I'm about to say a lot of things that all make a lot of sense, and I bet are all really obvious.
You guys, I've been doing it wrong. All wrong.
8 weeks of being really excited about cross and yet showing up and getting mercilessly beaten force doubt and introspection.
I have come up with some things.
Listen, I finished last year with dreams of glory in flatter road races and etc. Last year I was perfectly happy with being a non-traditional bike racer - "oh look at that giant dude," "who put that bear on a bicycle," etc. I had this idea in my mind - cycling is all about power/weight ratio - change the bottom half of the equation and you change the ratio.
So I went about this year with the philosophy, I guess, that if I could look more like a bike racer (be skinnier), then I would be a better bike racer. Here is the thing: trying to make that shift in a year is asking more of my body than it can handle (save for, taking a year and spending it trying to lose weight - riding bonked all the time and not eating and etc. Worked for a while during 2000km July. But you see how much top-end fitness I had coming out of that - none).
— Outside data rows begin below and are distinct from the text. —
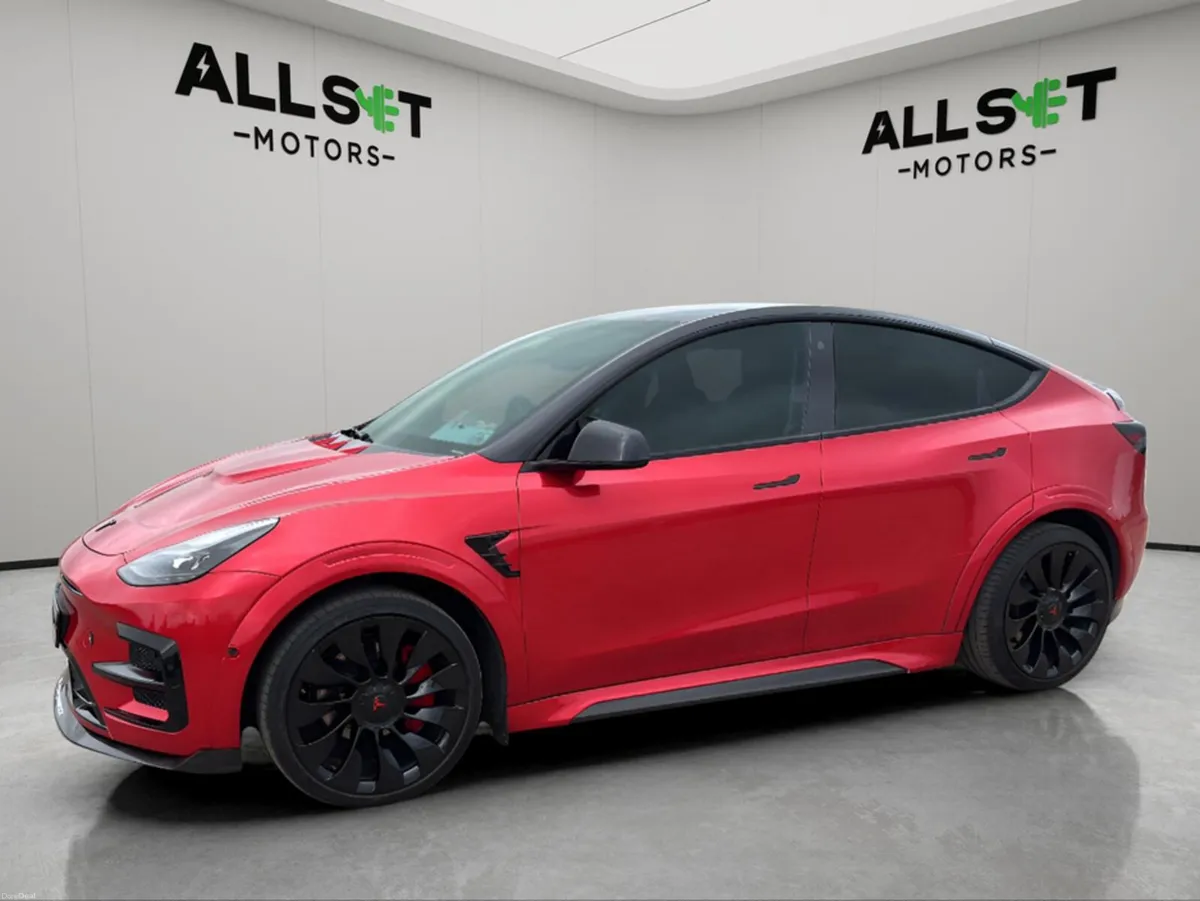 Tesla Model Y LONG RANGE AWD BZB3S5T BZB3S5T3 5DR - Image 4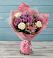 Букет цветов из: Герберы в Шерловой Горе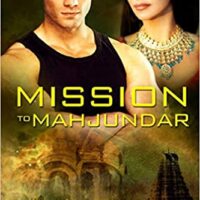 Mission to Mahjundar by Veronica Scott @vscotttheauthor @sophiarose1816 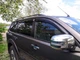 Вітровики (4 шт, HIC) для Mitsubishi Pajero Sport 2008-2015 рр - зображення 6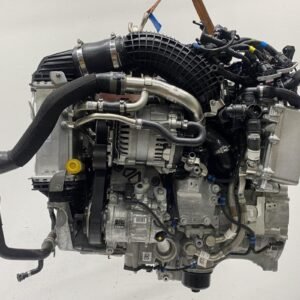 Brand-New Mercedes SL 43 AMG (F232) Engine
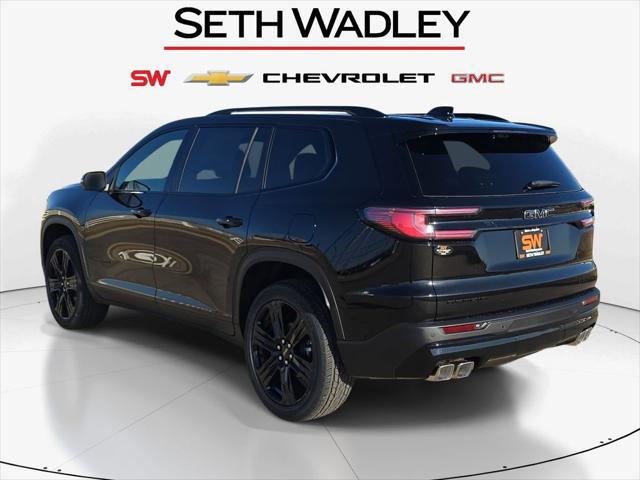2026 GMC Acadia Elevation FWD
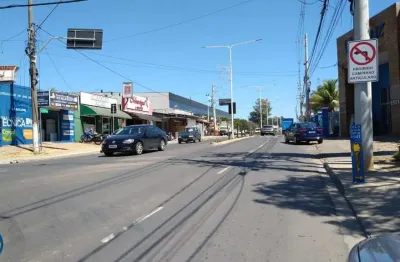 Área comercial em indaiatuba bairro itaici frente para avenida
I am on the path of leaning out and becoming more muscular - but in 2 years of riding my bike increasingly more, I haven't really lost any weight - just turned a bunch of fat into muscle. I am stronger and fitter now. Well, arguably.
But the point is, this is all the wrong approach! Listen. I'm never gonna be as skinny as the rest of you bros. It's just not going to happen. I have a lean body mass of like 215-220 lbs right now. I am bigger than you. The odds of me being "a real bike racer"-type in the next few years are... low. This year I have deluded myself away from playing up my own strengths, in the name of trying in vain to eliminate my weaknesses. I should, in fact, build on my strengths. That 220 lbs of muscle? TURN IT INTO AN UNMITIGATED POWERHOUSE. Focus on developing increasingly staggeringly amounts of force to put into the pedals.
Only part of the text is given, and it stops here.